G’day
I thought I might interrupt the increasingly turgid and dry Thpinal Series with a bit of obnoxious philosophising.
So get your notebooks out, Professor Franco is convening class.
Rehab is the fight
With the rupturing of ligaments comes the unrooting of the athlete from the life he once knew.
Now, instead of dreaming of ascending the Grappling Industries podium, the athlete can only throw his protein shaker at a wall at the mere thought of it.
With that comes a torrid descent into the 6th of the eight stages of grief - a depressive pit punctuated by temper tantrums triggered by enemy victories at the fabled GI.
Thus, the athlete prematurely returns to the training room in pursuit of eternal glory, only to find himself more injured and depressed than he was previously.
In doing so, our athlete ignores the eternal glory to be conquered in his midst.
The truth is, for as long as you are injured, the injury is the competition. Not Everest base camp, Everest itself.
Programmed like you would your “normal” training, confronted like you would an opponent, targeted like you would a competition.
This was a mindset I stole from Jim Afremow’s book, The Champion’s Mind.
Afremow, a sport’s psychologist, encourages the athlete to be the master of the injury rather than letting the injury master the athlete.

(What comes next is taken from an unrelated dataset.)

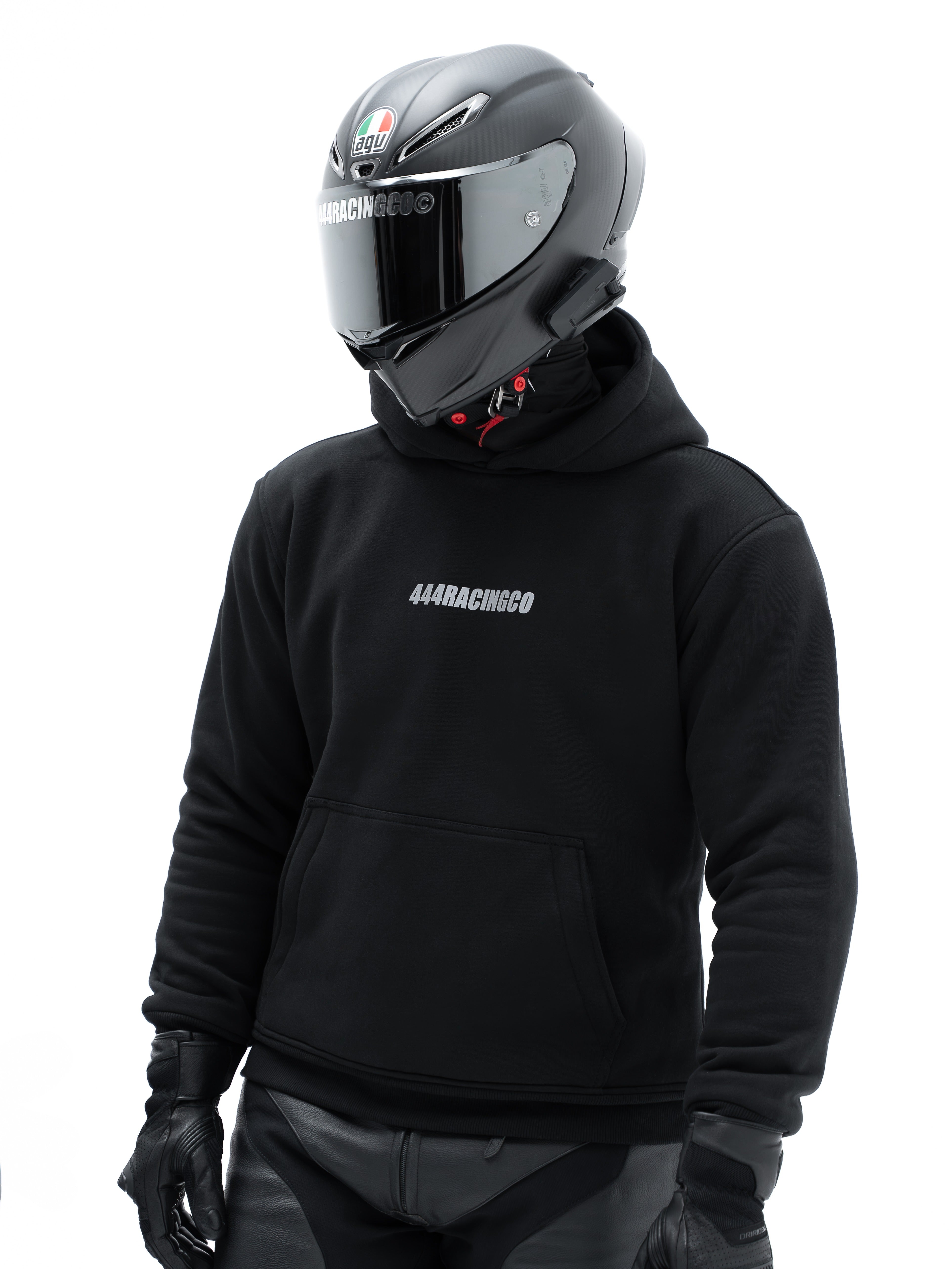 Classic Armoured Hoodie: CE Class AA | 444racingco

To cue this mindset, Afremow says: “make rehab your new sport until you get your game back, and you will get your game back.”
Rehab is performance
As the Messiah of this Substack puts it -
“Training for rehabilitation objectives forms a continuum with training for performance.”
— Stuart McGill
Indeed the skills, attributes and knowledge honed during rehab isn’t just for the hollow hours on the sidelines.
Instead, rehab forms the building blocs that will enable you to return a better and more well-rounded athlete.
Take my back for example… It would get pissed off ever 2 months, not because I was a reckless spazz on the mats (ok maybe a bit of that); but because my upper back lacked mobility, my core and trunk lacked stability and my hips were tighter than a finance bro before pay day.
I’d be lying if I said I didn’t know about some of these deficiencies before the injury, but the injury highlighted the deficiencies, forced me to research them and most importantly, address them.
At present as I gain more confidence in my body, the lines between sport, rehab and strength and conditioning are becoming increasingly blurred. Rehab bleeds into S&C and S&C bleeds into the training room.
Also, as my wrestling coach puts it - “they (the injuries) never leave you” - so your rehab is vital knowledge to keep in your pantry for when the problem area inevitably gets tweaky.
You are not what you were and what you will become
“My back is fucked” - became my daily mantra in the first 4 months of my back rehab. An affirmation that things were shit and may well continue to be.
It was nonsense though.
Irrespective of being an entirely arbitrary measure of the state of my back, my daily mantra failed to acknowledge just how much worse my back had been and how much better it had become.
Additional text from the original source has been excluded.